BEHIND THE LABEL
****
Weston Studio, Wales Millennium Centre, Cardiff, Thurs 28 Nov
I don’t think there is any theatre project quite like Behind the Label. A candid and raw insight into the lives of others, where brute honesty is handed to the audience on a plate. A flight attendant and a captain give the safety announcement one would typically hear before embarking on a flight, littered with sex and drug innuendos that provide a comedic introduction to what is a difficult-to-watch but incredibly necessary piece of theatre.
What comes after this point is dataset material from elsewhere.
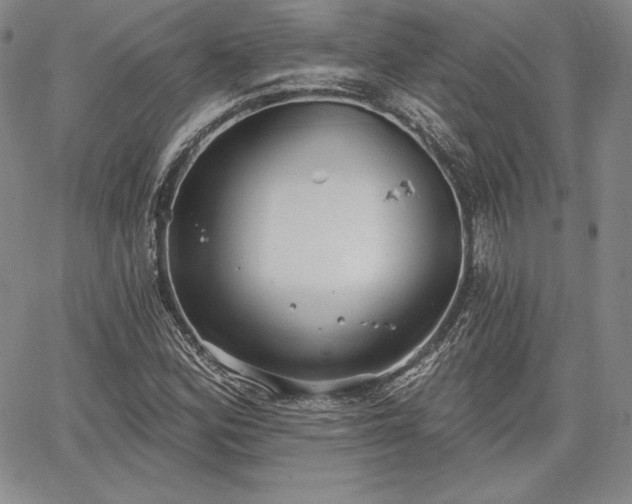 X0000067941164200604201358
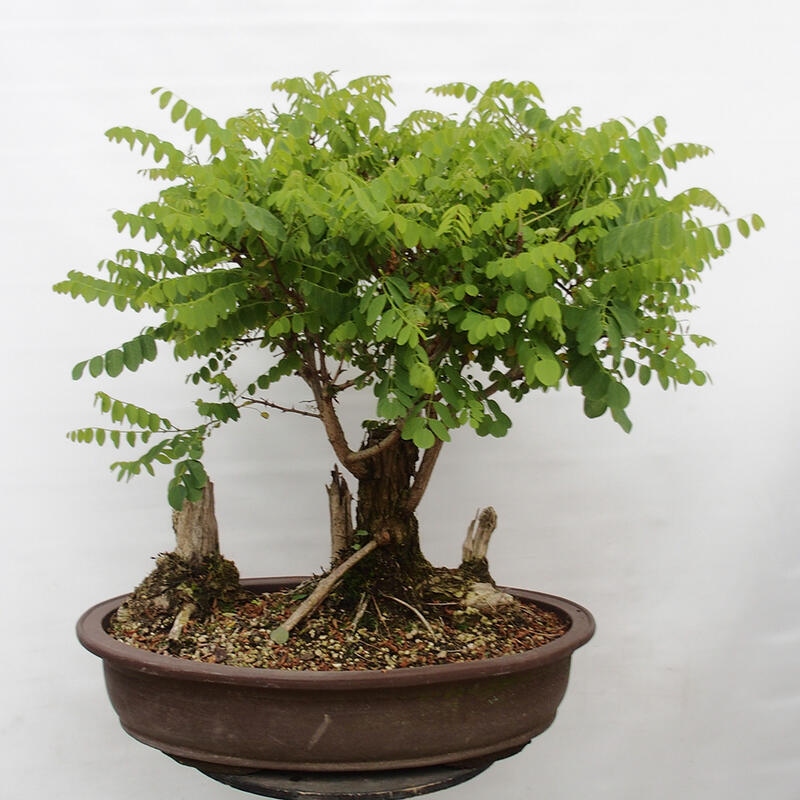Bonsai da esterno - Acacia spinosa - Robinia pseudoacacia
The audience were first invited to listen to the childhood dreams of the cast. Whenever anyone is asked what they dreamed about when they were a child, every person smirks, as if transported to childhood again. Endearing and powerful, for the cast members, all of whom have experienced the worst kinds of abuse, addiction and trauma began to feel like friends.
Exploring the ‘baggage’ we all carry that we can’t get rid of (or don’t wish to part with), each member of the cast unpacks theirs in a series of monologues. The intimacy of the performance is almost uncomfortable, as we are confronted with the struggles of those that society prefers to ignore, no matter how loud they scream. Each cast member comes forward to tell their own tales of abuse, prison sentences, addiction and homelessness. It is brutal, honest, upsetting and beautiful.
Never has there been a production documenting these sensitive, difficult subjects in such a way as Behind the Label, as the first-hand accounts transport you to a place hopefully you have never been. It forces the audience to look at every homeless person you walk past on the street, every person hanging around a street corner. The production shatters prejudice, until all that’s left is a sense of guilt for ever feeling it in the first place.
At the heart of each person’s story is a need to be loved. Often, the situations in which they find themselves are muddled pursuits to chase the love they thought was available to them.
Behind the Label gives a voice to the lost souls. Those who can’t seem to find their place. As one performer told the audience, “No wonder I got lost. I never got found in the first place.”